The separate Accounts will be for accounting purposes, and will not require any segregation of assets for investment or other purposes.

Section 6.2 Participant Investment Elections

(a) The Plan Administrator will establish procedures for investment elections, including the minimum percentage and the incremental percentage of a Participant’s Accounts that may be invested in each Investment Option.

(b) Participants may elect to invest their Accounts in any one or more of the investment funds or through a self-directed brokerage account made available to Participants for this purpose (“Investment Options”). If a Participant elects more than one Investment Option, the Participant must specify the amount to be invested in each Investment Option. The Investment Options will include at least three mutual funds, collective investment funds or other pooled investment funds. Investment in an Investment Option may be subject to a condition that funds be held in the Investment Option for a specified length of time. In addition, the Plan Administrator may establish and administer operational rules for investments in self-directed brokerage accounts on a uniform, non-discriminatory basis.

(c) The Plan Administrator will establish default investment procedures providing that if a Participant fails to make any investment election, the Plan Administrator shall invest the Participant’s Accounts in one or more default Investment Options.

(d) The Plan and Trust are intended to constitute a plan described in Section 404(c) of ERISA, such that the Plan’s fiduciaries are relieved from liability for any losses that are the result of investment instructions given by Participants, alternate payees or Beneficiaries, and the Plan shall be administered and interpreted to the greatest extent possible consistent with that intent.

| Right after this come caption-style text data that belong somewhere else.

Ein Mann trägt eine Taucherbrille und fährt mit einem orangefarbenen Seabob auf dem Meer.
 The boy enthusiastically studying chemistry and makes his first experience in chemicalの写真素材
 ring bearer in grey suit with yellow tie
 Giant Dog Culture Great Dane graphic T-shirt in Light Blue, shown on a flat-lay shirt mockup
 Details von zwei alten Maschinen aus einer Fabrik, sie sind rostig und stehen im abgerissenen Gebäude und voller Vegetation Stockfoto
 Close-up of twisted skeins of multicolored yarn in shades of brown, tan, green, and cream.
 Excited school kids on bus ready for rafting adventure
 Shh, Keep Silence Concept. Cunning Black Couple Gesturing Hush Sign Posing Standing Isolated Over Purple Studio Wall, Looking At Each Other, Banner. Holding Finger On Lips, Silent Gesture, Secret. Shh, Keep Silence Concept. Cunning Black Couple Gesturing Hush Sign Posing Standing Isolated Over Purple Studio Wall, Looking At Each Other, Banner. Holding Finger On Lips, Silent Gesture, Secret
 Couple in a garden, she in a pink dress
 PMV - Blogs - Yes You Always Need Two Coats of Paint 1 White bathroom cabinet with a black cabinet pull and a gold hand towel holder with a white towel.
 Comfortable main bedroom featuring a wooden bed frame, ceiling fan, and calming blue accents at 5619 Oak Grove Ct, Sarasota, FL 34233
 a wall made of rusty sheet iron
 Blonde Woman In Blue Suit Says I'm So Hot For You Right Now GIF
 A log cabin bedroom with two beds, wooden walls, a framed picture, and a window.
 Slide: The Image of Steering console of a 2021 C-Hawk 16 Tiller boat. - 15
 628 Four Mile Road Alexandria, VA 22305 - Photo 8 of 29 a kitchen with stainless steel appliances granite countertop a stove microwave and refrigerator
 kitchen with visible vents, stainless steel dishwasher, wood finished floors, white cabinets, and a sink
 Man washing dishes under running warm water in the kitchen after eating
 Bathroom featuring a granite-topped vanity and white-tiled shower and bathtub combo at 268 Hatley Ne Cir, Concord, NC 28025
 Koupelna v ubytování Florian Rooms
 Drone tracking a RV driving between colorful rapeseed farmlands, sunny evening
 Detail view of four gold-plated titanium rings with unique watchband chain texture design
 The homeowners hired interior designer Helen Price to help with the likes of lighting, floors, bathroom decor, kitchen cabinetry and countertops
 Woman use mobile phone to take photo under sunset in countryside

Section 6.3 Adjustments to Accounts

(a) Amounts contributed by, or on behalf of, a Participant shall be credited to the appropriate Accounts of a Participant as soon as administratively feasible.

(b) Any distributions to a Participant and withdrawals by a Participant shall be subtracted from the Participant’s Accounts. Also, to the extent applicable, any loan fees and any administrative fees may be subtracted from the Participant’s Accounts.

(c) A Participant who has an outstanding loan from his Accounts shall have loan payments made by the Participant credited to his Accounts.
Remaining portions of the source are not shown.